Prima di entrare nel locale, James mi afferra per un braccio e mi sussurra «Non ho detto al capo che oggi non saresti venuta, quindi reggimi il gioco altrimenti non vedremo il sole sorgere!» Non ho nemmeno il tempo di dire grazie che il capo mi si pianta davanti.
«Meglio non disubbidirmi la seconda volta, vero?» Non gli rispondo, non gli do questa soddisfazione. Dato che già avevo fatto un paio di incontri in questo posto, mi dirigo verso lo "spogliatoio" non calcolando minimamente quel signore grassoccio con il sigaro stretto tra le labbra.
Dopo aver eseguito tutte le procedure per il cambio di vestiti, mi accendo una sigaretta. Noto che non ne avevo fumata nemmeno una quando stavo con Michael. La metto in bocca e accendo il tabacco, non penso a nulla. So solo che l'avversario di questa notte sarà molto sfortunato. Prendo i guantoni dal borsone e vedo un display illuminarsi sotto una maglia. Lo prendo ma non ho il coraggio di leggere i messaggi, quindi lo ributto nel groviglio di panni stropicciati.

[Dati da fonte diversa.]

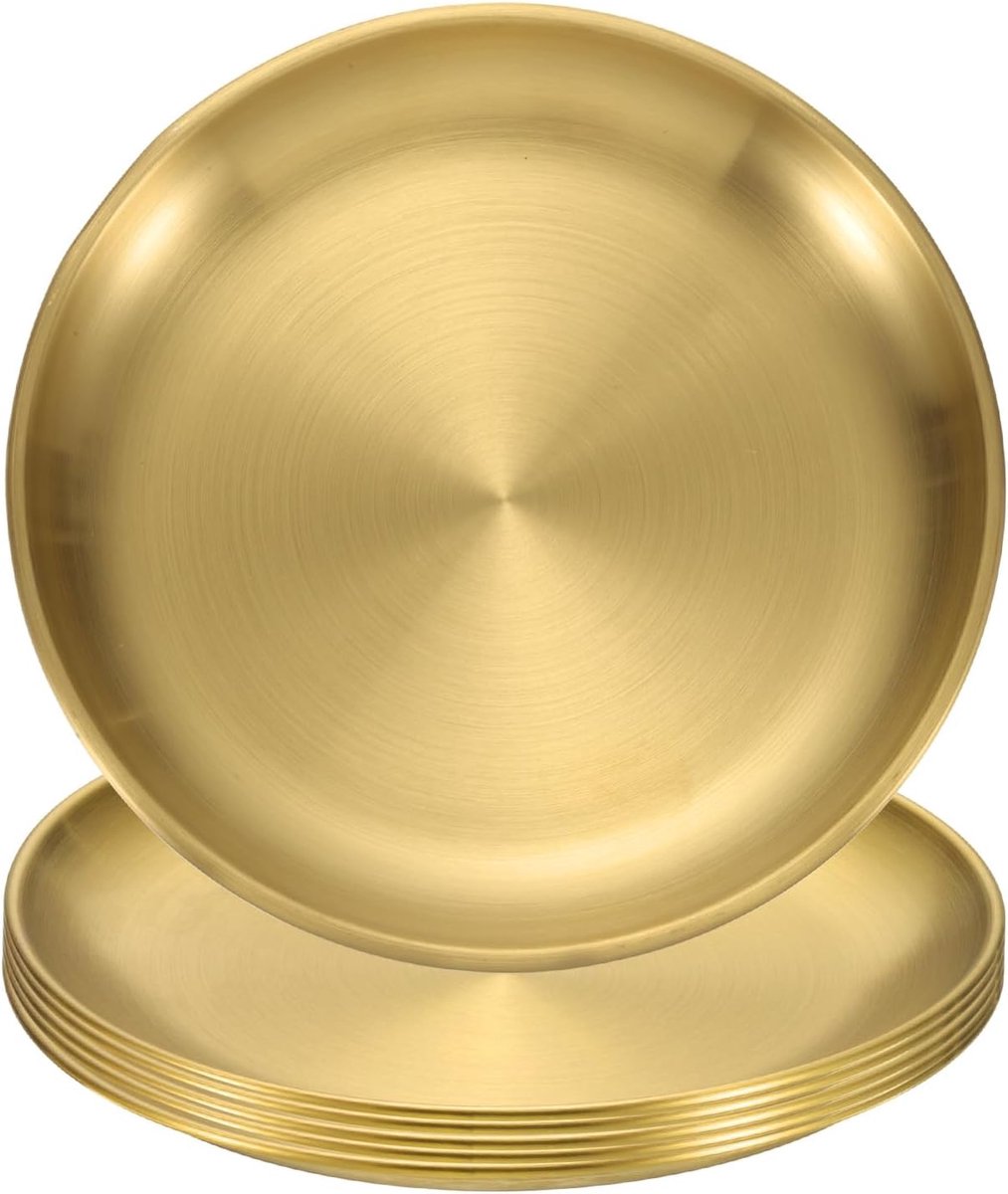 6 stuks roestvrijstalen eetborden, 17 cm, ronde serveerborden, set platte metalen eetborden voor restaurants, keuken, dessert, salade, eten, outdoor, camping, goud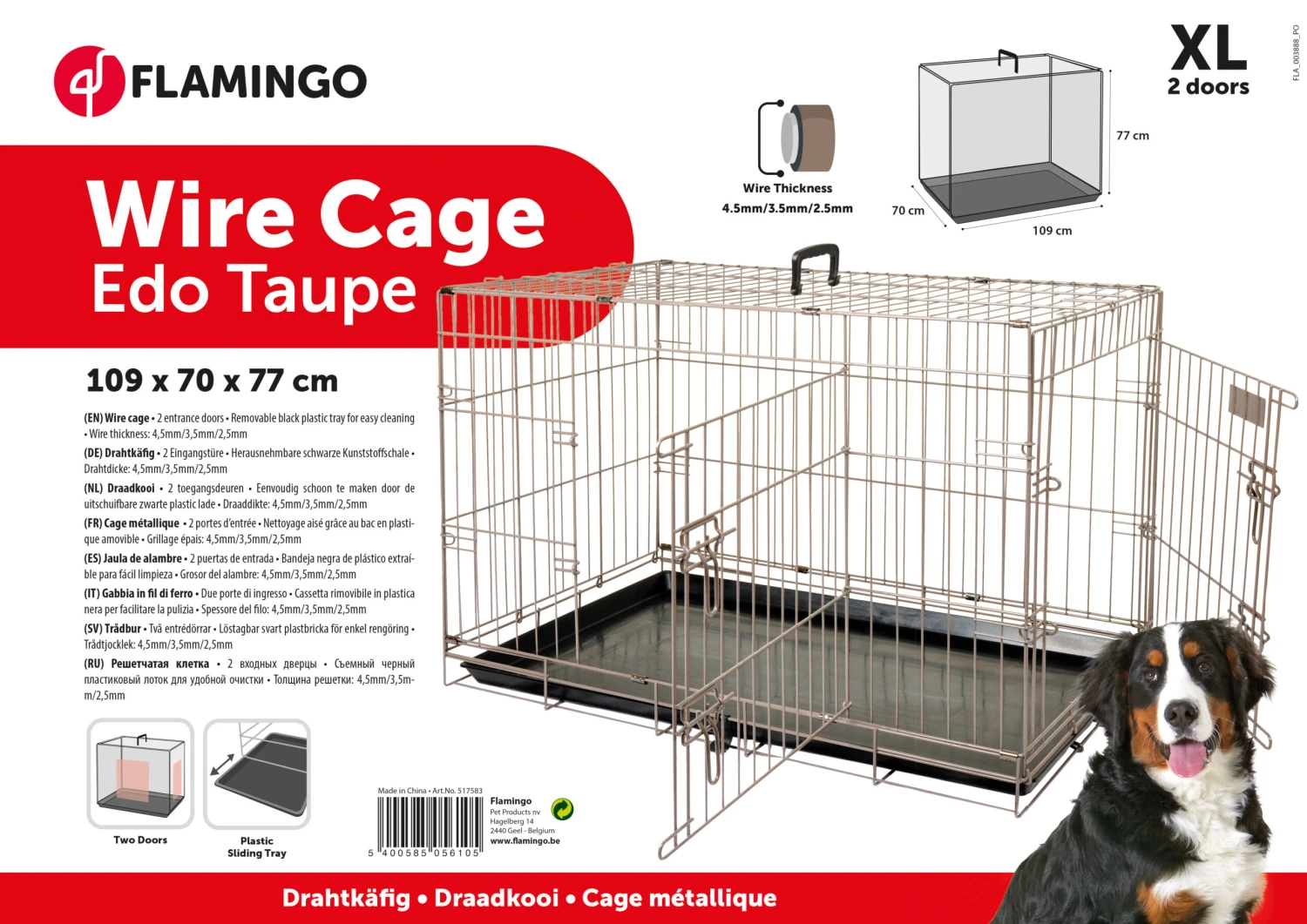 Flamingo Cage Pour Chien Ebo Taupe XL 70x109x77cm – Image 2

Una voce robotica pronuncia il mio nome, salgo su quel tappeto rosso lucido tanto familiare. Non mi prendo la briga nemmeno di guardare in faccia l'avversario fino a quando la campanella non suona. Ho la testa altrove, tuttavia riesco ugualmente a mettere a tappeto il lottatore.
Ho la mente annebbiata, non so cosa voglio, guardo davanti a me e vedo il buio più totale e questo mi fa una certa paura.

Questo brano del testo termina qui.